__Dataset__
>>

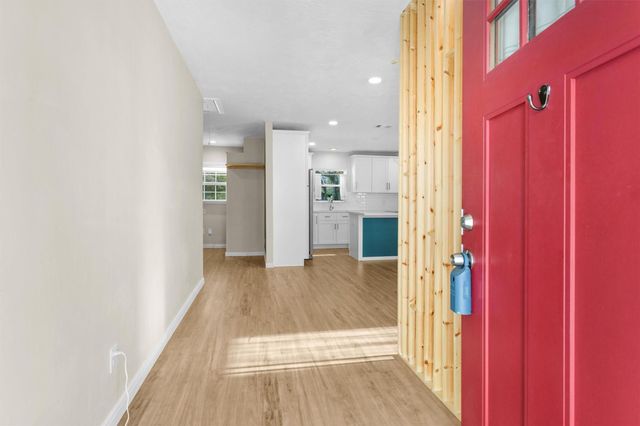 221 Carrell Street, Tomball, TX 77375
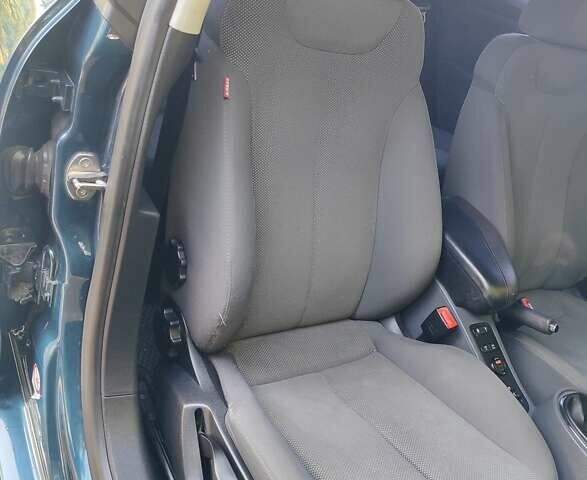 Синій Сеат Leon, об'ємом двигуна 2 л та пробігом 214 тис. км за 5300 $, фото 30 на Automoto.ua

<<
>>

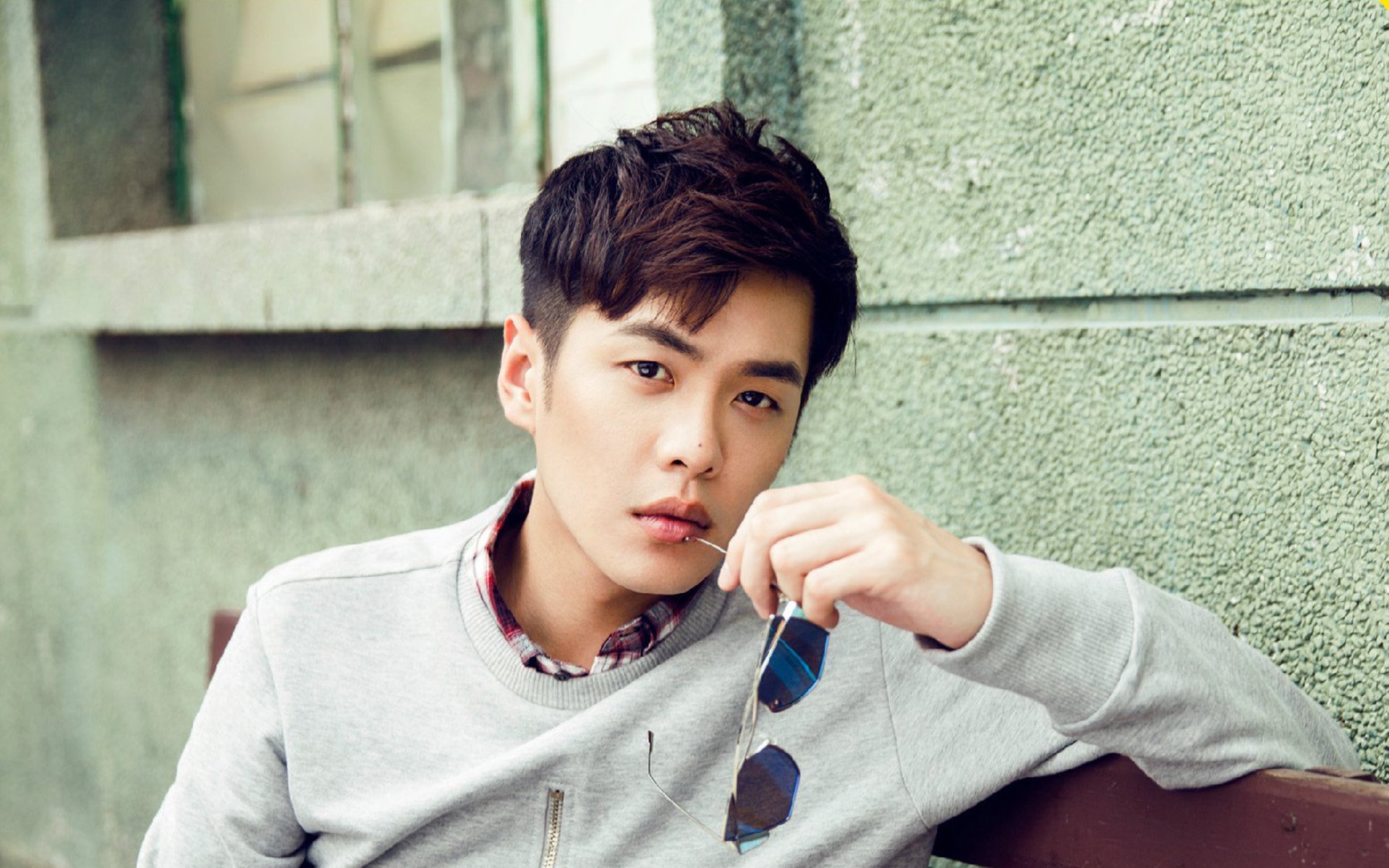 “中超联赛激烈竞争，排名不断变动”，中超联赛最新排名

<<

__What to do__
Exact repeat of the material above: every line from the one with "221 Carrell Street, Tomball, TX 77375" through the one with "Синій Сеат Leon, об'ємом", endpoints included, and nothing more. No pictures.

__Written response__
 221 Carrell Street, Tomball, TX 77375
 Синій Сеат Leon, об'ємом двигуна 2 л та пробігом 214 тис. км за 5300 $, фото 30 на Automoto.ua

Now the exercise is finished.